Ouvrons le débat
Il y a eu des échéances électorales. La vie civique n’était alors que débats de journalistes et d’hommes politiques avisés. On y retrouvait toute la palette de l’art rhétorique, de la conversation de salon au duel tauromachique de l’arène du second tour. Puis il y a eu les manifestations de masse avec des gens dans la rue, des cris et des slogans hurlés dans la haine partagée. Dans un brouillard lacrymal irritant, des gens jaune fluo se faisaient cibles de prédilection pour les viseurs des policiers. Puis il y a eu le « Grand Débat » avec son lot de têtes blanches, de tables et de tréteaux, mobilisant les derniers croyants dans la magie de l’agora et dans la puissance de la palabre. Puis il y a eu les grands discours présidentiels, les conférences de presse, les promesses de communications et la communication des promesses. Puis il y a eu les vacances. Et puis, ça recommence.

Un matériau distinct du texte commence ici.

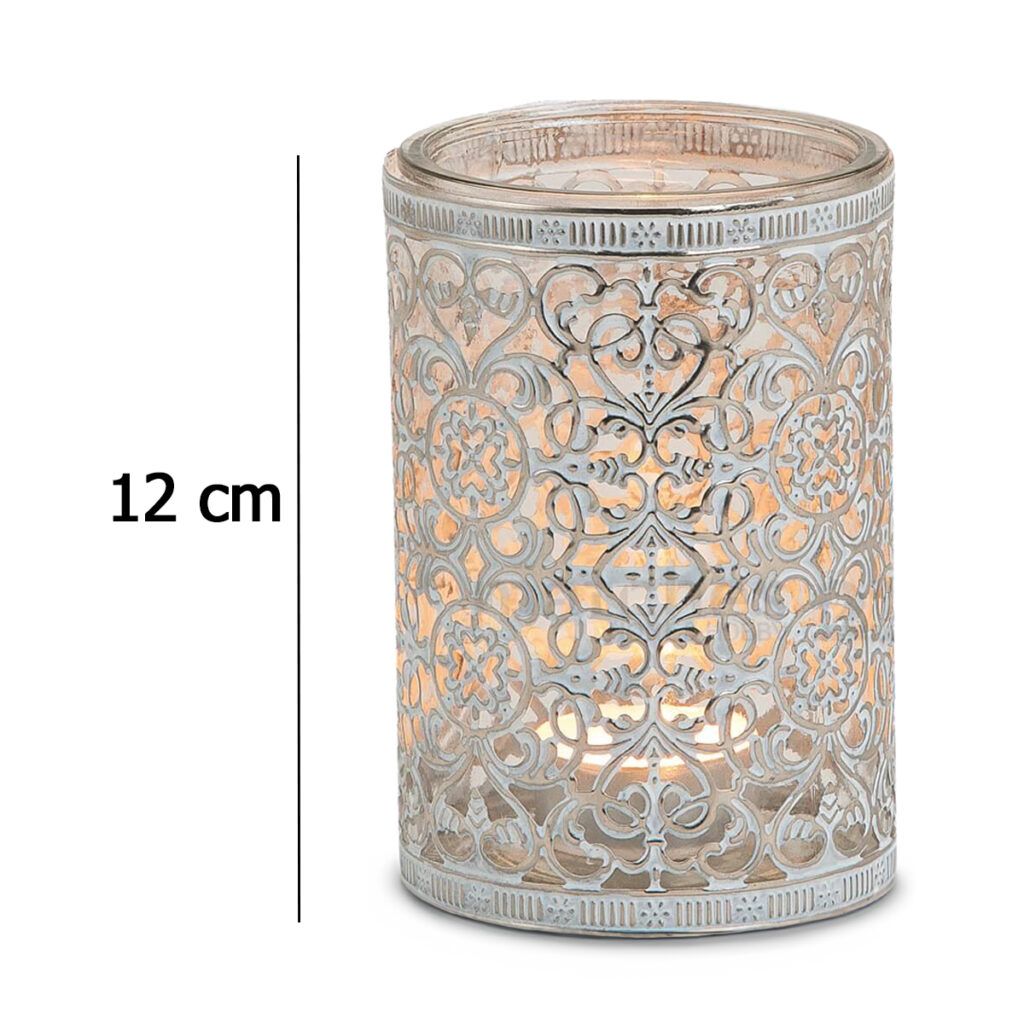 matches21 - Webshop Vintage Kerzenglas Windlicht silber weiss in 3 Groessen Modernes Windlichtglas als Kerzenstaender Laterne und Teelichthalter Boho Kerzenhalter Teelichtglas fuer Wohnzimmer Tisch Deko 16 61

Pour la rentrée on prévoit des débats sur la retraite, sur les salaires et sur les impôts.
On se concerte pour des formes innovantes de concertations. On se prend aux mots dans les jeux des prises de parole. Les tables rondes sont ovales. Les tours de France ramènent des retours de France profonde. Mais en ultime recours, on compte sur l’expertise des élites. Enfin, bientôt des élections vont rouvrir le débat. On ne sait plus ce qu’on twitte. On bafouille des mails en oubliant ses SMS. On ne sait même plus ce qu’est une « bafouille ». Quand on écrit une lettre, on pense qu’on n’a le choix qu’entre les 26 de l’alphabet. Alors, il ne faut pas s’étonner qu’il y en ait qui se taisent. Toujours les mêmes, celles qui n’écoutent plus. Pas le temps de lire. Pas le temps de vivre. Elles écoutent de la musique, chantonnent des chansons d’hier ou se saoulent à des rythmes d’aujourd’hui. Elles n’écoutent plus, puisqu’on ne les écoute pas. Et puis la peur, ça fait taire. On ne va pas en plus se faire repérer. La peur, ça fatigue aussi. Alors parler, à quoi ça sert d’en rajouter ? Elles regardent les hommes se perdre de rage, dans les tourbillons désespérés de leurs combats brutaux. Il en meurt des hommes, sur les routes, sur les trottoirs, sous les coups des hommes, sous les balles des hommes, sous les bombes des hommes. Elles, elles meurent dans la nuit, usées d’avoir tant fui, tant esquivé les coups des hommes, fatiguées de la vie, sur leur brancard aux urgences, sur leur lit sale d’EHPAD ou sur le lit vide de leur chambre dont elles ont passé leur vie à changer les draps. Et ça, ce sont les chanceuses ! Il y a les autres qui meurent à la sortie de l’école, en bas de l’immeuble sur le trottoir, sur le carrelage de la cuisine, sur la moquette devenue rouge de leur propre sang, sous les coups de l’homme qu’elles avaient cru aimer. Alors là, c’est un problème majeur, un vrai problème d’État, un urgent sujet d’étude sociologique, un souci primordial nécessitant une grande campagne nationale. Si on faisait un Grenelle sur les violences conjugales ? Il faut ouvrir le débat.